Before Elon Musk’s Tesla cars, electric automobiles roamed the streets of the nation’s capital, President William Howard Taft’s wife drove an electric car. President Woodrow Wilson rode in an electric, and his wife drove one.
By the turn of the 20th century, horseless carriages had replaced horse-drawn carriages in most major American cities. In 1901, an estimated 38 percent of cars in the United States were electric, 40 percent were powered by steam, and 22 percent ran on gasoline. As a result, streets were cleaner and less stinky in many cities. In New York City alone, horses had deposited about 2.5 million pounds of manure daily on the streets.
By 1915, Washington had 1,325 electric cars, about the same number as Detroit. This ranked behind Chicago with 4,000 electrics and New York with 3,200. In Washington, “the automotive public has had an awakening and has found that the modern electric car truly is an eye-opener,” said W.R. Emerson of Emerson & Orma, the local dealership for an Anderson Electric Car Co. model called the Detroit Electric.

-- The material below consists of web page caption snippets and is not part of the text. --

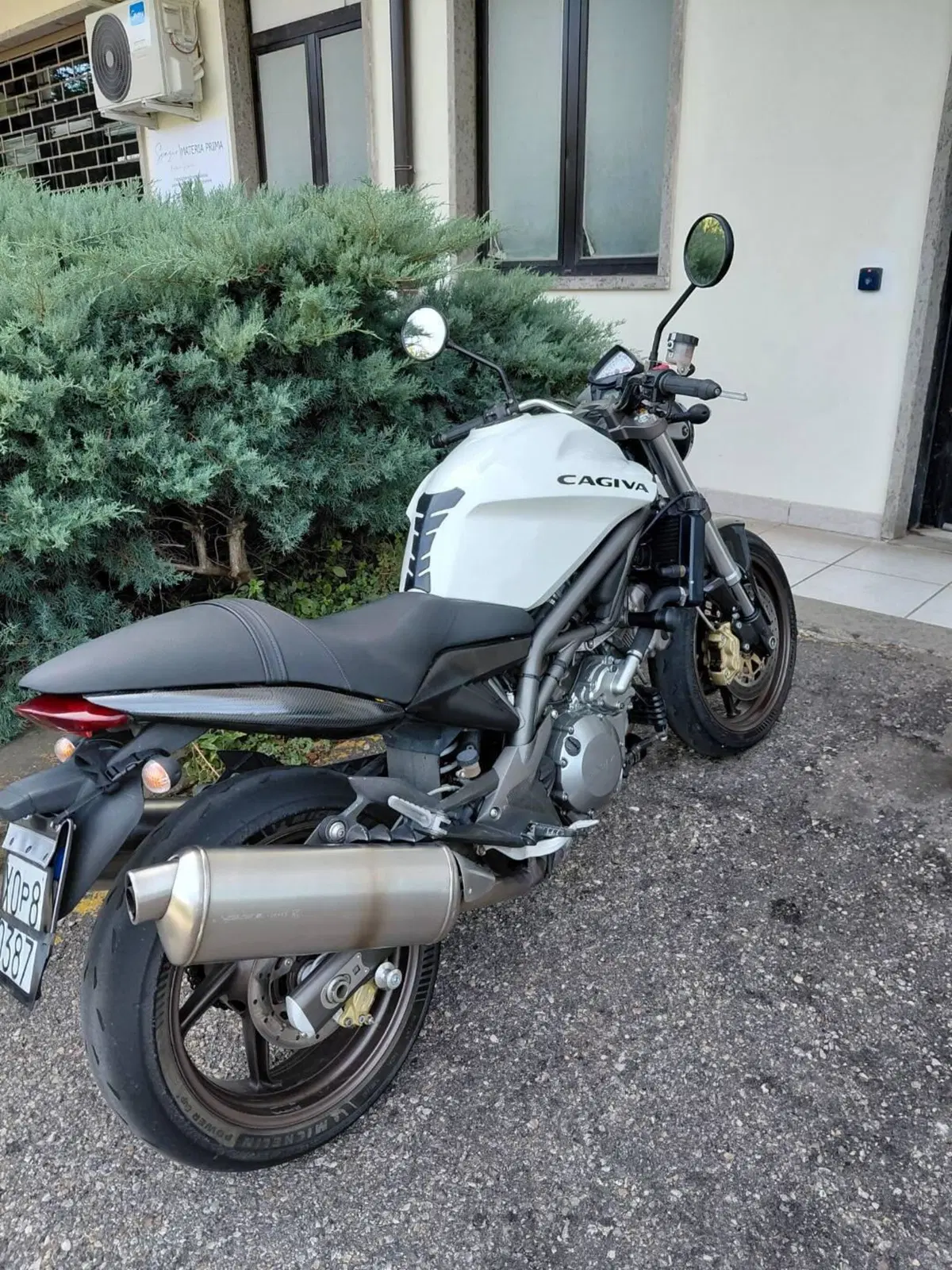 Cagiva Raptor 1000 (2000 - 05) (3)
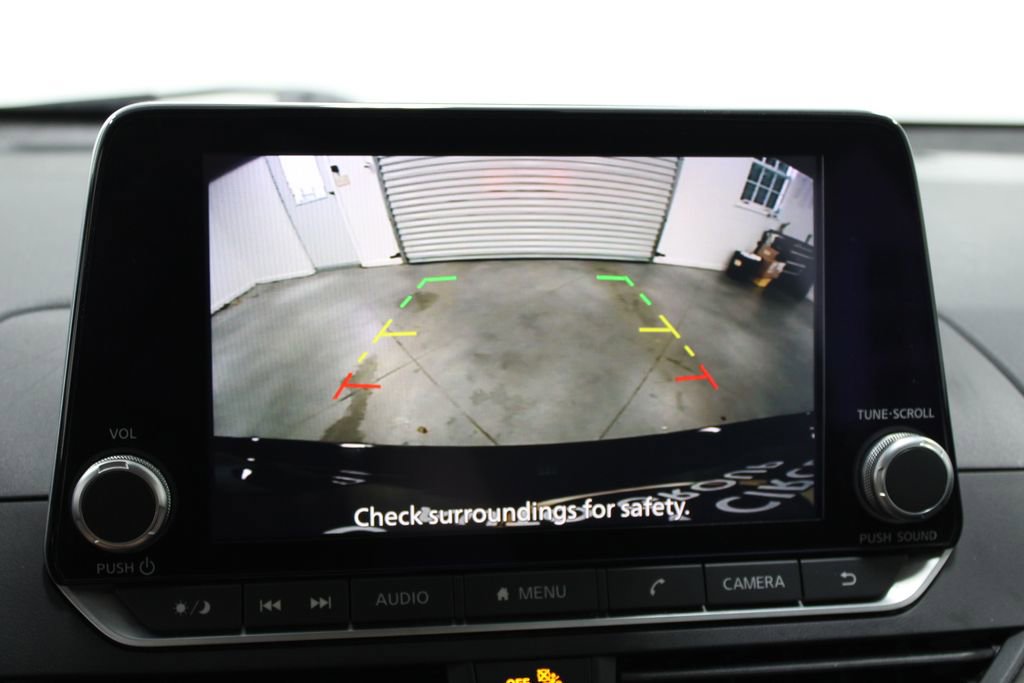 Used 2024 Nissan Altima 2.5 SV FWD image 48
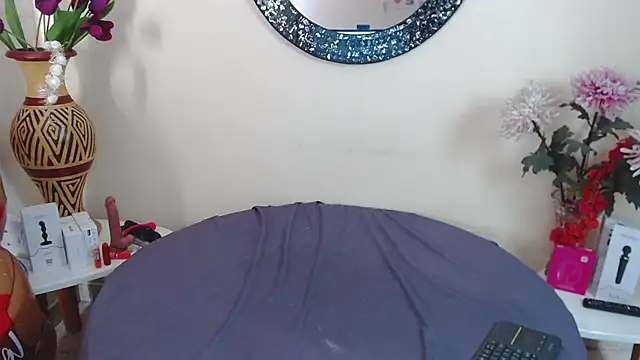 Snapshot of NicoleSantana chatting on June 11, 9:01 pm NicoleSantana online show from June 11, 9:01 pm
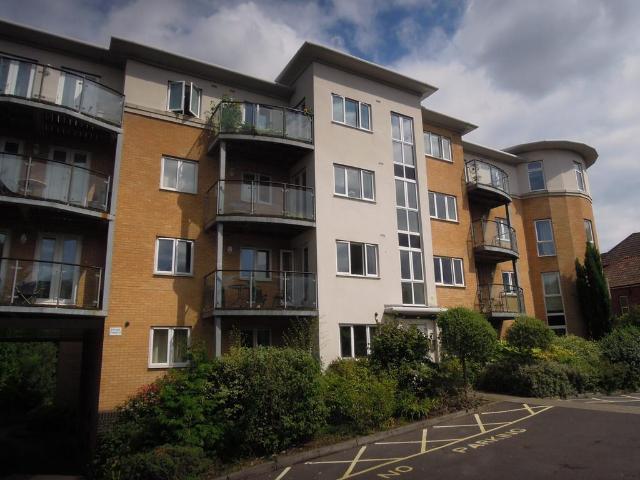 Flat for rent in Hill, City Of Southampton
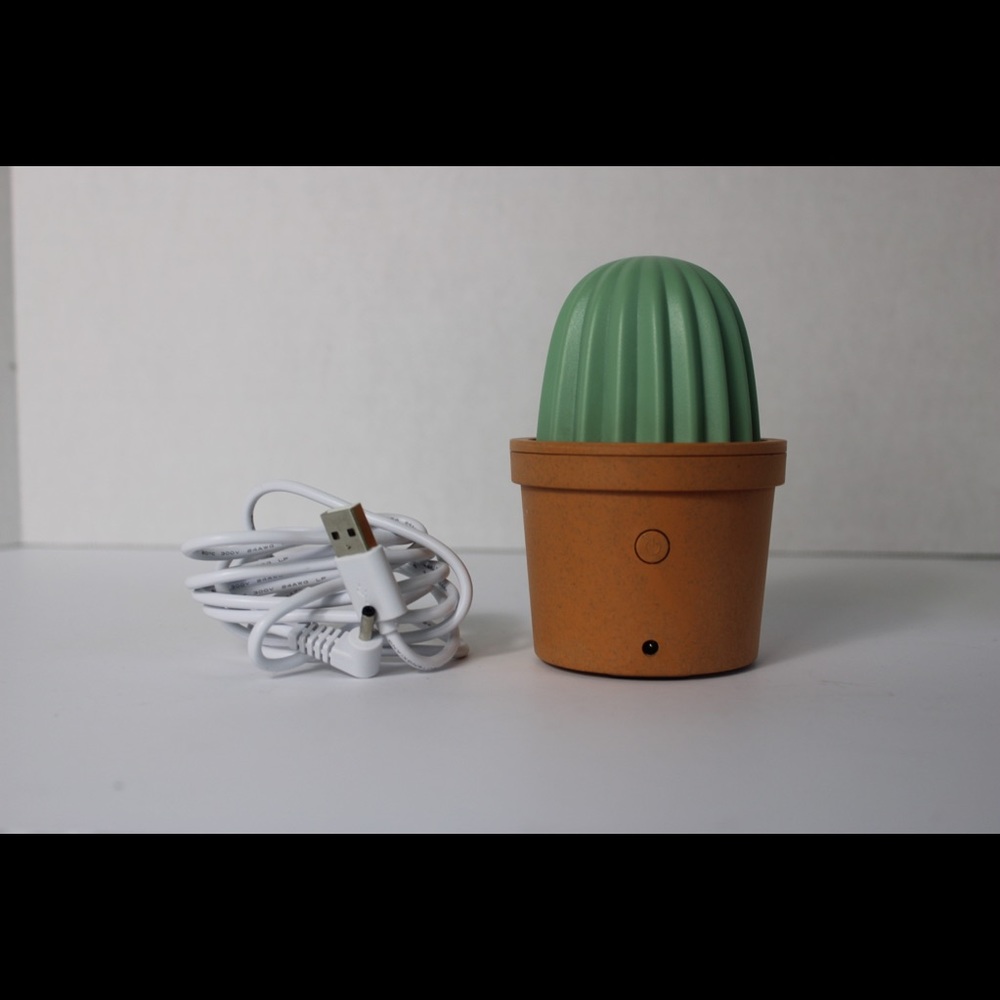 Portable essential oil diffuser - Picture 2 of 2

Women were the driving force behind electric cars. The electrics were cleaner, quieter, and easier to drive than steamers, especially gasoline cars, which spewed smelly fumes and had to be started with a hand crank. Denver socialite Margaret Whitehead drove a Fritsche Electric because, she said, a lady “can wear the most perishable and delicately hued gown she possesses, and the daintiest of footwear without giving a thought, for when she arrives at her destination, she is unsullied, and her coiffure is as unruffled as when she left the house.”
The electric car burst onto the scene in the late 1800s and early 1900s. In 1899 and 1900, electric vehicles outsold all other types of cars. In fact, 28 percent of all 4,192 cars produced in the US in 1900 were electric, according to the American Census. Sales of electric cars peaked in the early 1910s.